I know we still have a month or so to chase bass before things get too frigid, but its getting close to the end of bassin' time.

How did your summer go?

I'd have to say, based on size, it was my best ever. I landed a 21" largemouth that tied my biggest fish ever and a 19.8" smallie set the bar a fraction higher for personal best as well. I caught a number of smallies over 16 inches, I'd say about 15-20, and the season had an early start too, April 5th! I also caught many on the fly rod, which was a real blast. I didn't fish much for white bass, but did catch a few.

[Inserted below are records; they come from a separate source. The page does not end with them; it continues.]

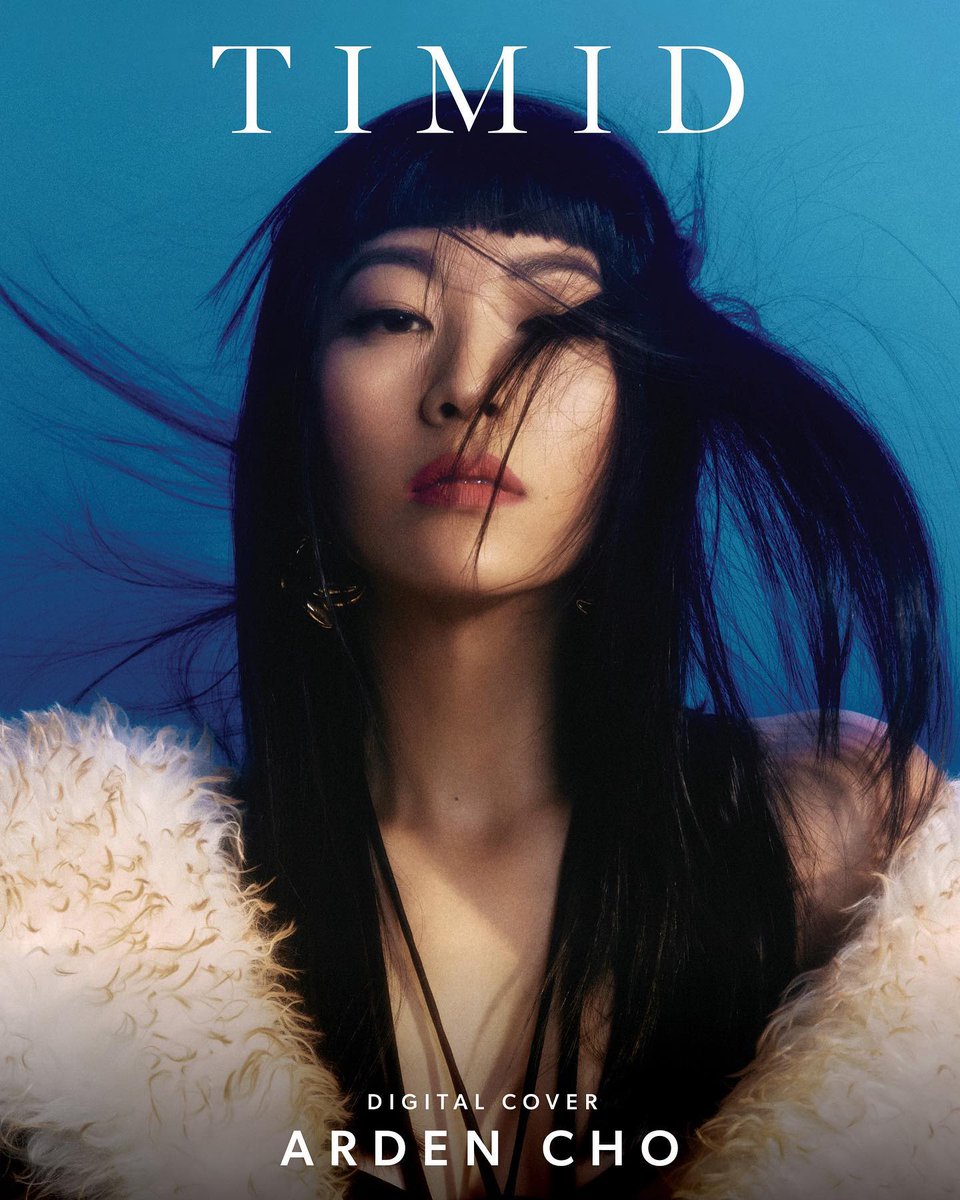 TWLATAM's tweet photo. [Hilo] Recientes fotos de Arden Cho demostrando una vez más que... GOD IS A WOMAN, y ella es increíble.

¿Ya vieron Partner Track?, ¡la amarán!

#RENEWPARTNERTRACK https://t.co/cgwYC9l0QQ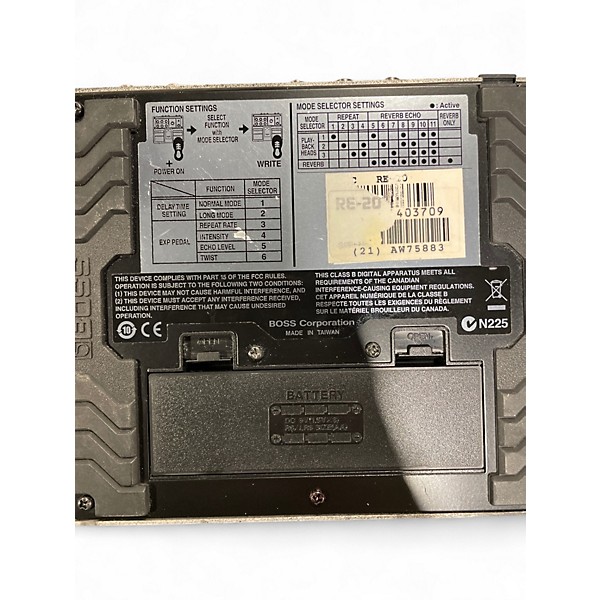 Used BOSS RE20 Space Echo Effect Pedal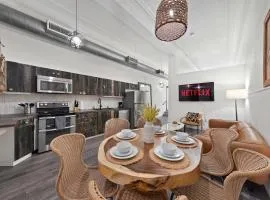 Woolworth Loft -Downtown Apt Sleeps 8 Near Gaslamp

So all-in-all, I'm going with "Best Ever!" Let everyone know how your summer bassin went!


----------



## nodakoutdoors.com

Great smallie fishing living in ND...I caught more this year then the rest of my life combined...but I sure miss the abundance of largies like I had when I used to be close to MN.


----------



## Bagman

A banner year to be sure. Didnt catch any real giants this year (it aint over YET!) but incredible #s almost every trip out.


----------



## Ryan_Todd

i would have to say based on numbers per time out were good but unfortunatly i wasn't able to make it out as much as i usually do. getting married and buying a house kind of put a damper on the fishing season this year. all in all it was a good year.


----------



## njsimonson

That's cuz I showed you all my fishin spots around VC Ryan.  It was fun meeting you and fishing with you this summer. And catching that monster walleye was a memory I won't soon forget.

We'll have to get together again early next season too!


----------



## jamesavp

I would have to say "BEST EVER"

I joined up w/ the Badland Bass Bandits. 
My last tournament my partner and I caught over 50 largemouth, Every one of them being over a lb with only a couple under. Talk about a great day on the water.

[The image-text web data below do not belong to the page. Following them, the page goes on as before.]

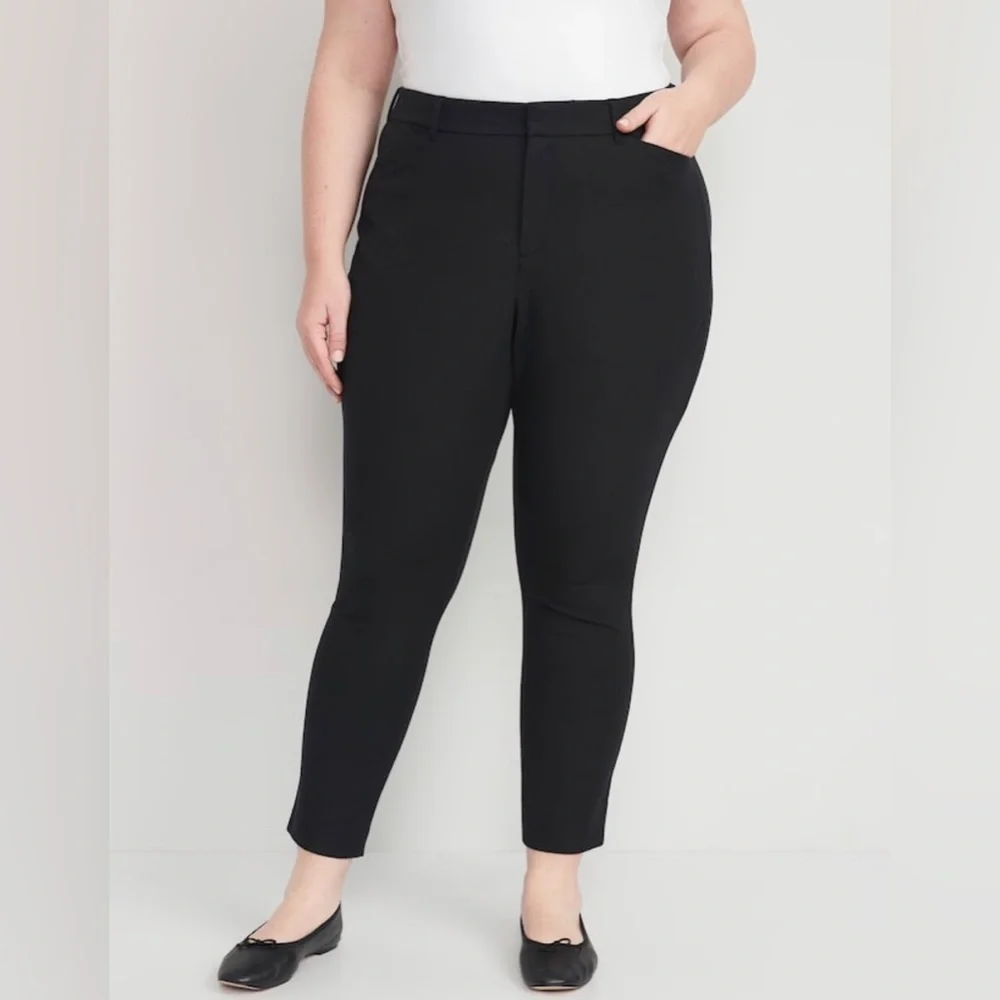 Old Navy Curvy High-Waisted Pixie Skinny Ankle Pants - Picture 6 of 7
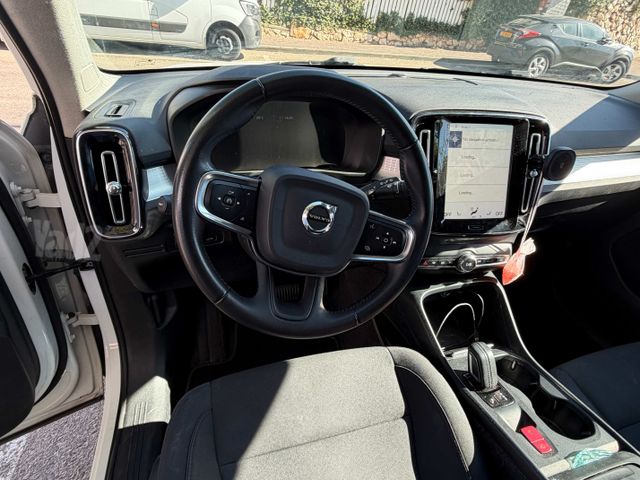 וולוו XC40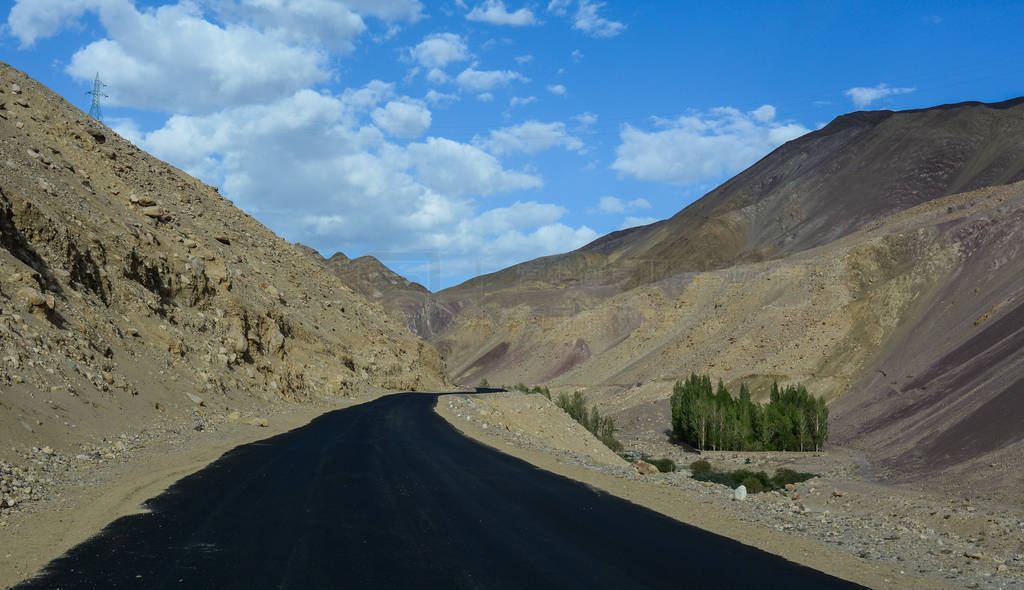 Mountain road of Ladakh, Northern India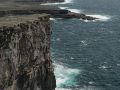 Vue sur les vagues de l'océan atlantique depuis Dun Aengus. Ce fort composé de quatre cercles de pierre ouvert sur situe en haut des plus hautes falaises de l'île.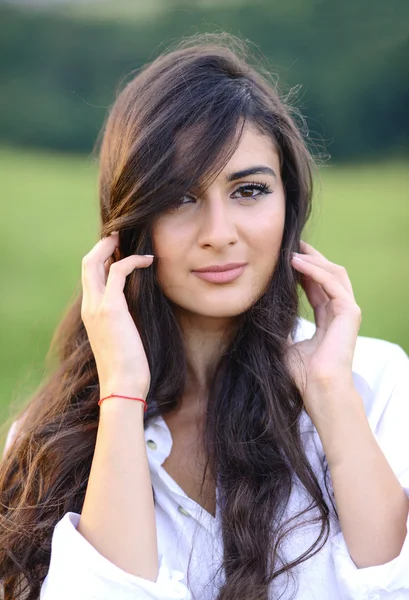 Portrait of beautiful young woman in nature — Stock Photo, Image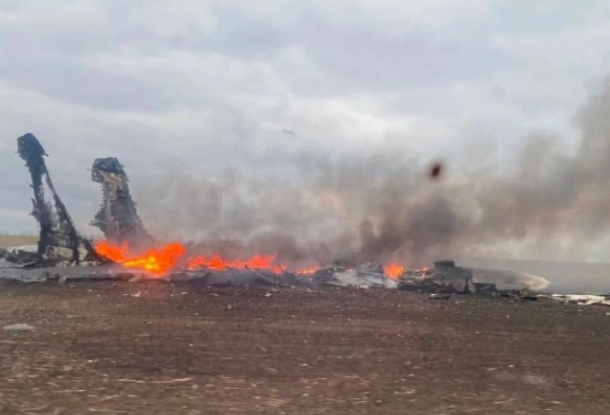 Pilotos rusos insisten en que solo estaban “siguiendo órdenes” después de ser capturados en Ucrania (FOTOS)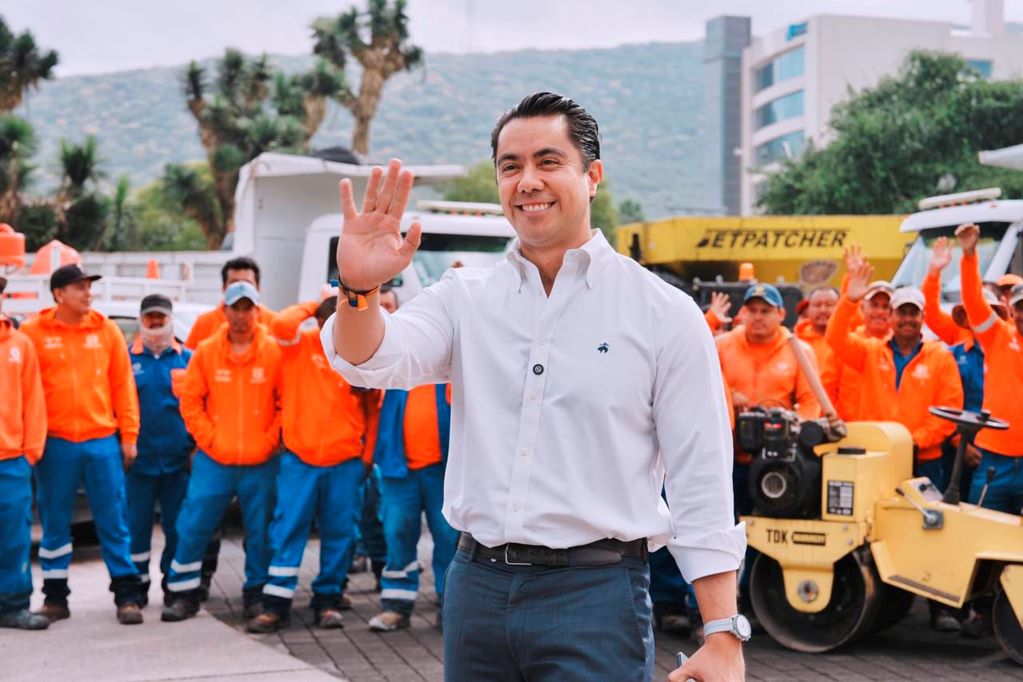Anuncia Felifer inversión de 300 millones de pesos para atender baches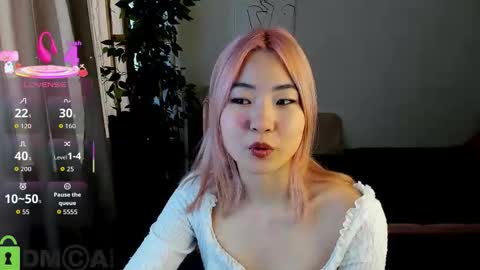 Snapshot of bridgetbottrel chatting on 10-16-25, 09:10 Bridget online show from 10-16-25, 09:10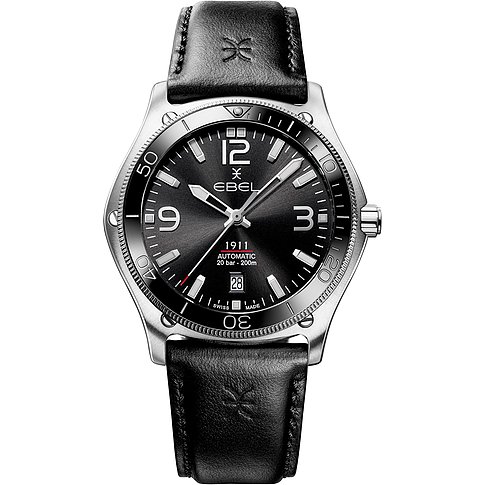 Ebel Herrenuhr mit Edelstahlgehäuse, schwarzes Zifferblatt, analog.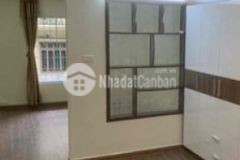 Căn hộ tập thể tầng 2 toà nhà c9 bắc thành công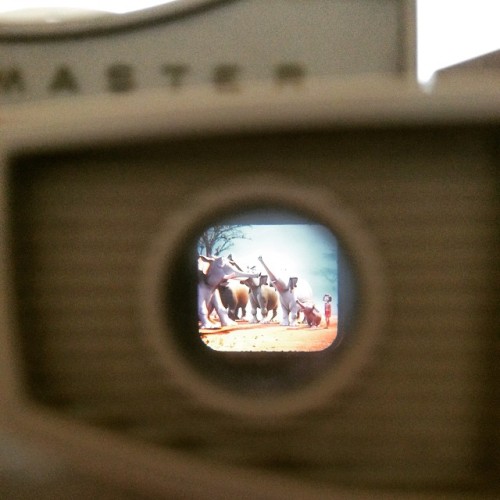 Break time: looking through my vintage toy ~ “Mowgli joined the Elephants” #viewmaster #oldschool (at Childhood)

During a weigh in this tournament and a couple of other tourny's, I saw a few largemouth over 5lbs a couple of Smallies over 3lbs and a partner in my boat that landed a nice 4lber. Not to mention the nice 6lb 13 ounce bass caught this season.

The fish I caught = $15 (membership)
The fish I saw duing the tournaments = $18 (tournament fee w/big bass)
The great friendships and knowledge gained = PRICELESS!

What an awsome year and I agree with bagman "It's not over Yet"


----------



## Invector

So far its been really good. Better then last year for numbers but have not gotten any in the 20 inch range yet. So far at last cound I took 317" of bass that all went C&R thats 16" to 19" (these are all smallies). We dont keep bass so all were returned to their waters. We did catch a few smaller fish also. :beer:


----------



## njsimonson

Sounds like a fun summer for everyone.

Thanks for the 3B update, I've enjoyed reading about it on the other site this summer, sure looks like fun. Someone should put together an Eastern bass division and then have the Bandits square off with it in some year end tourney. That'd be a fun rivalry. I'd join 3B, except a lot of those lakes are a good 150 miles or more from Valley City.

Bagman, did you ever make it to the Sheyenne for smallies this summer? I'll do some scouting this week, and let you know for a last-season push. I'll even point you in the direction of some grouse. A cast/blast could justify the trip eh?


----------



## Flick

I would say best ever. Every year gets better as we get smarter and key in on patterns that we learn over the years. We pounded em this summer and I cant wait til next year.


----------



## Bagman

Drop me a line Nick...my boat and shotgun are always ready.


----------



## mallardrocker

mine was great caught a bunch of good size smallies in ontario..... Next year I will have to bring a camera


----------



## dakotakidbassmaster

The 2006 season was pretty good for catching a lot of big bass. Especially in the Spring. It got to the point to where I was catching at least a bass over four pounds every trip. The only disappointing thing was I didn't clear that six pound mark. Biggest was 5 lbs 6 oz. :lol:


----------



## youngfisher7641

i only caught like 3 bass. corse i fish more for panfish and catfish.2 one pounders and a 3 pouned. i caght the 3 pounder on my last trip of the year. :eyeroll:


----------